──────── RECORDS TO USE ────────
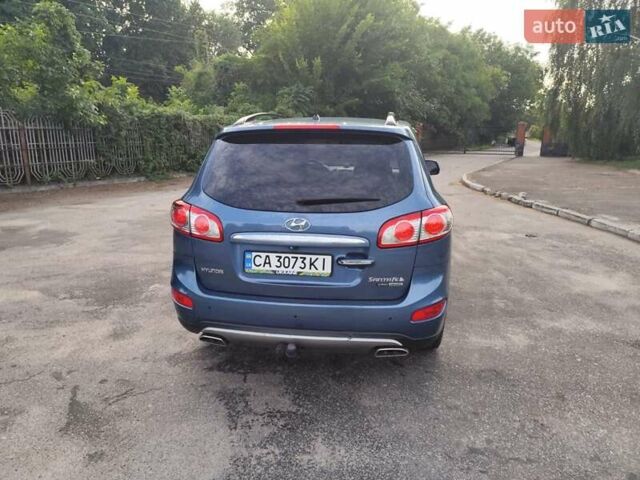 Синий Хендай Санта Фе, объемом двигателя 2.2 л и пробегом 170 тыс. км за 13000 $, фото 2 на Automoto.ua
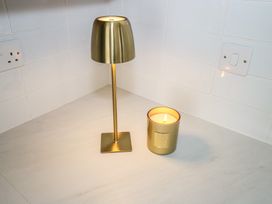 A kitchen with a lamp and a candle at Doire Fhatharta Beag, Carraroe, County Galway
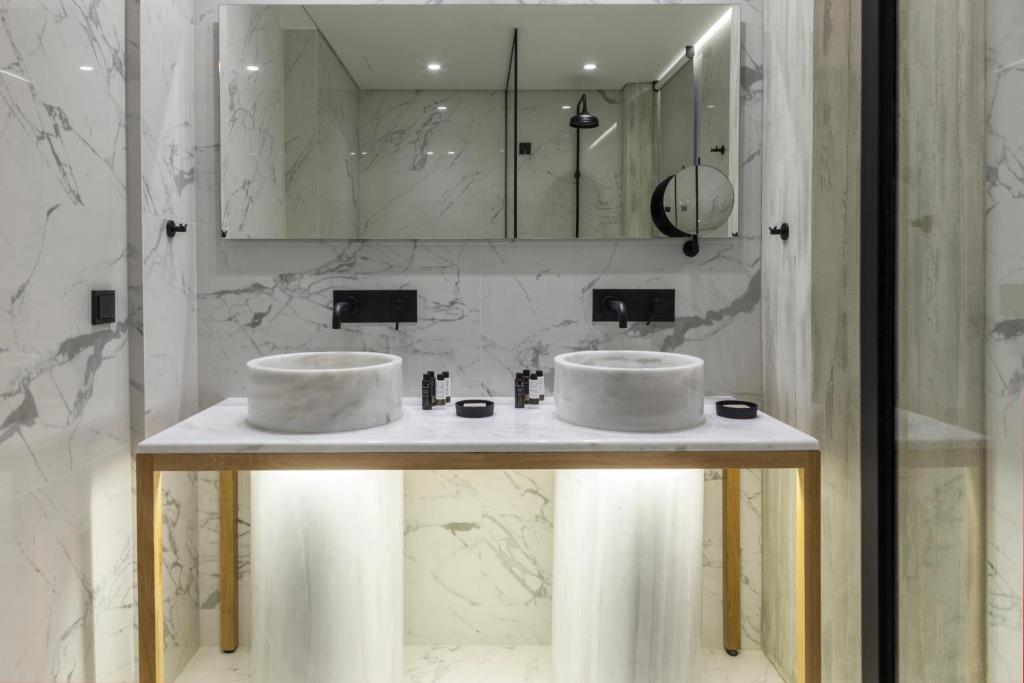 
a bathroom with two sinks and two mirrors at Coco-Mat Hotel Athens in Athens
────────
──────── RECORDS TO USE ────────
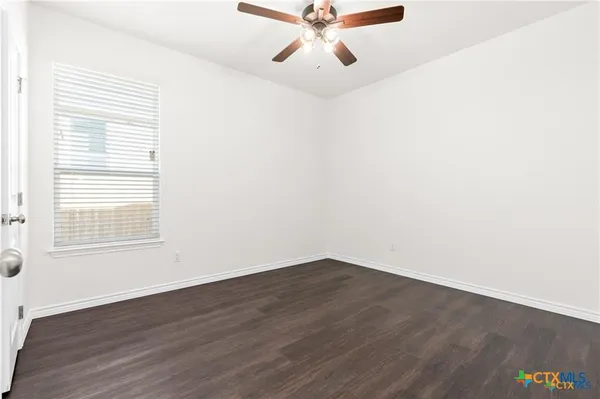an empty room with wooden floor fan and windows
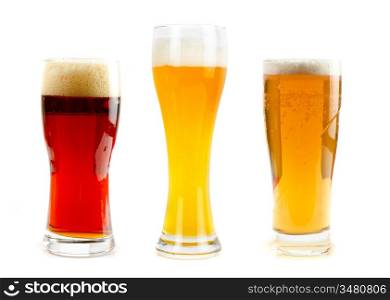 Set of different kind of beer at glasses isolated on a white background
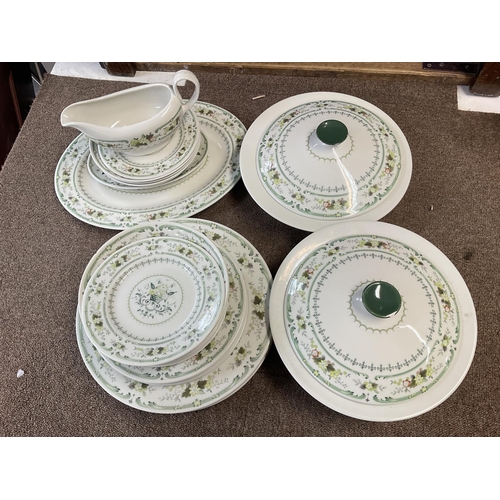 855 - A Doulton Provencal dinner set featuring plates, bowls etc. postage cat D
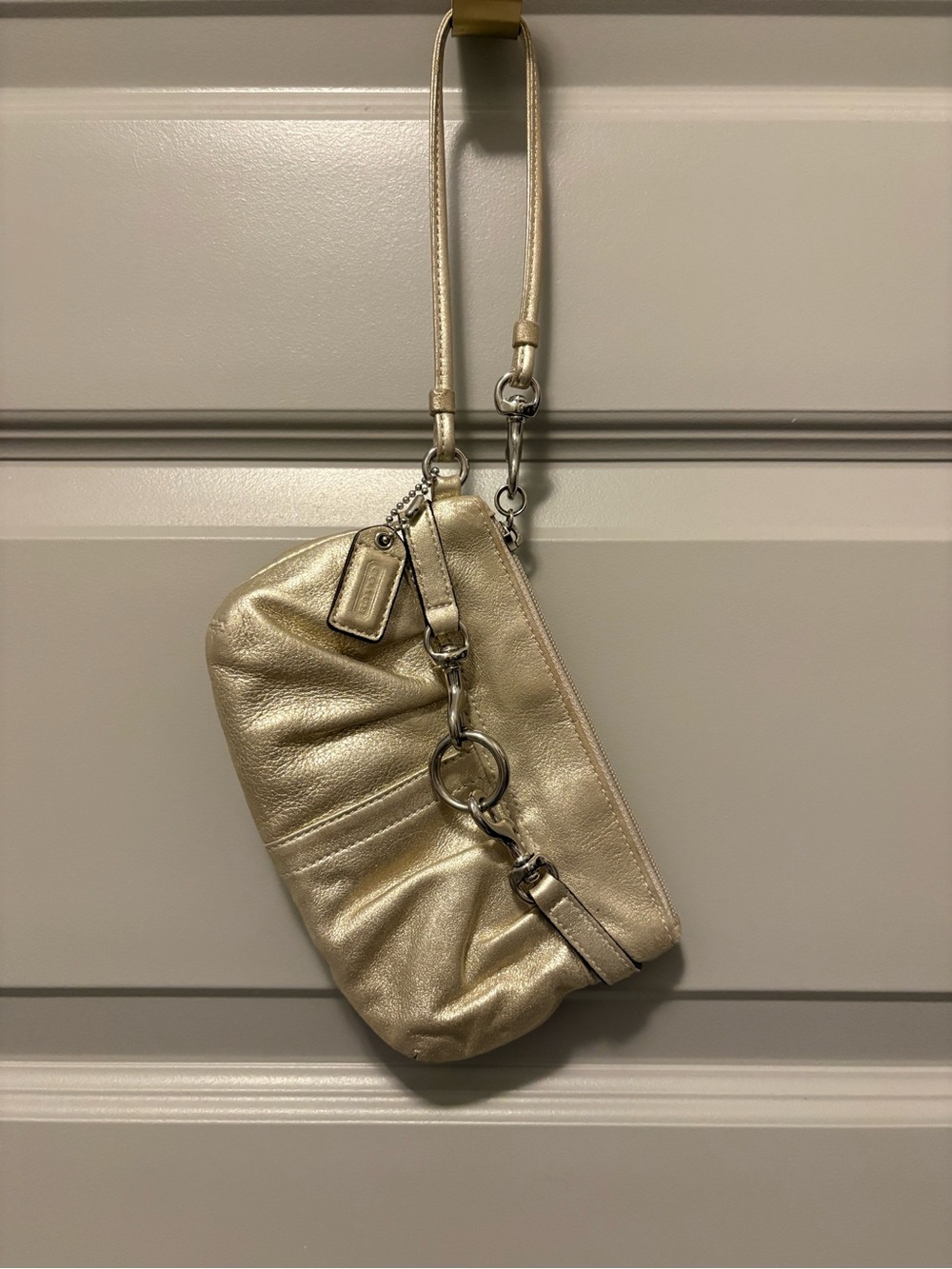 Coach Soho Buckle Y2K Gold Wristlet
────────
──────── RECORDS TO USE ────────
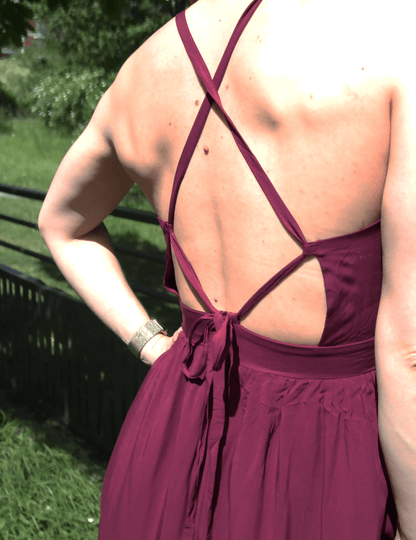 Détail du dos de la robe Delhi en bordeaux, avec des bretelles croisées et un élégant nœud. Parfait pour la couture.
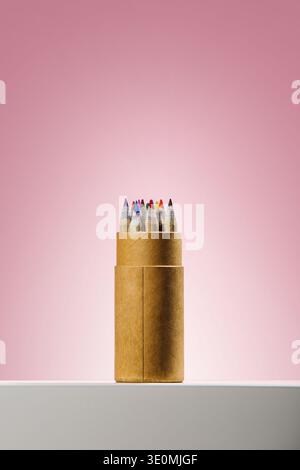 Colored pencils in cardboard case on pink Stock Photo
────────
[EXERCISE REQUIREMENTS]
In the listing above, find the line containing "an empty room" and the line containing "Coach Soho Buckle Y2K Gold Wristlet", then write out both of them and every line between, exactly, with no pictures.

[TASK RESPONSE]
an empty room with wooden floor fan and windows
 Set of different kind of beer at glasses isolated on a white background
 855 - A Doulton Provencal dinner set featuring plates, bowls etc. postage cat D
 Coach Soho Buckle Y2K Gold Wristlet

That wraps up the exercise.